Photo: Jason Rearick
A Cirrus SR20 crashed approximately two miles from Danbury Airport in Central Connecticut last night, and all three occupants walked away, though their airplane was held up for a while. (Initial reports had reported that it was an SR22, but those reports turned out to be inaccurate.)
According to reports in the local papers, the CFI flying the airplane with two passengers reported “an unspecified” mechanical problem and deployed the Cirrus’ whole airplane recovery parachute, which did its job, lowering the airframe at a survivable rate of descent. The accident took place early at night, but it was a very dark night, and the terrain surrounding Danbury is hilly and wooded, an inhospitable place for a forced landing even during the daytime.

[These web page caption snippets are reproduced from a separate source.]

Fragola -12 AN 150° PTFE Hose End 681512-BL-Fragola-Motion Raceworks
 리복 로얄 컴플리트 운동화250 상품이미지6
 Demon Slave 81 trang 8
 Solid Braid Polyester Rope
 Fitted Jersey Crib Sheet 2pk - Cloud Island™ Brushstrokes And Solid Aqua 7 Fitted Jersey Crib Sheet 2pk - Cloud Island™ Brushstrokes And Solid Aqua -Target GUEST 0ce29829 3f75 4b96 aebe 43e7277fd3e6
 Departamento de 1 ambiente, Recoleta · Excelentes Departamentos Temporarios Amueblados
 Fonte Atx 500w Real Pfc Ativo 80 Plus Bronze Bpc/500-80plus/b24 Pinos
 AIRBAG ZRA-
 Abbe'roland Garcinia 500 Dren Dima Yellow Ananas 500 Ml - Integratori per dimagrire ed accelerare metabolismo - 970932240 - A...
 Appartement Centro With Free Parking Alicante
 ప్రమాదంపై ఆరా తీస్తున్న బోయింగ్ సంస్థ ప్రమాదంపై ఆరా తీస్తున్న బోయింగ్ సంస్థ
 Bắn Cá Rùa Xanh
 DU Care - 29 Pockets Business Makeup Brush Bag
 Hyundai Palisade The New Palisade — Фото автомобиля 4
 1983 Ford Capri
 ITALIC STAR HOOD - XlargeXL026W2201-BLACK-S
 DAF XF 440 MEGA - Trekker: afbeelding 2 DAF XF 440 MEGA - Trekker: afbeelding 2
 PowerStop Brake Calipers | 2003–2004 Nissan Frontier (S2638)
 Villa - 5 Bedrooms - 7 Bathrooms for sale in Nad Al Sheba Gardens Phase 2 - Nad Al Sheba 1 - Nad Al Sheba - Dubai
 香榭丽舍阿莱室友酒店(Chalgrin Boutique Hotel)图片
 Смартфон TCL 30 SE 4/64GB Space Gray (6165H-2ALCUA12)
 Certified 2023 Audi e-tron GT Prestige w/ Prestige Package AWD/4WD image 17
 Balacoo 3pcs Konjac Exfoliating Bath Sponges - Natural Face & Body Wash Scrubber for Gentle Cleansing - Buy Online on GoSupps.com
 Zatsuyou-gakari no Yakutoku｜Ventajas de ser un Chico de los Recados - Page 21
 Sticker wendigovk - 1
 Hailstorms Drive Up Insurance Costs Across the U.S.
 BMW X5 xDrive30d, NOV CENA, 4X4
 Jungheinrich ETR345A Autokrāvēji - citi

The cause of the delay in retrieving the airplane was that the parachute got hung up in tree limbs as it descended, but it was low enough to the ground that the occupants were able to exit the airplane unaided. Photographs of the crash site show the Cirrus in a nose-low position with the nose crushed but the remainder of the airframe looking largely intact, except for the tail missing post recovery. Emergency responders later cut power to nearby electrical lines and freed the airplane. No one on the ground was hurt. The three occupants were treated at the scene for non-life threatening injuries.
The NTSB is investigating the accident.
Correction: A previous version of this story identified the airplane as a Cirrus SR22. It was in fact a Cirrus SR20, a variant of the same type.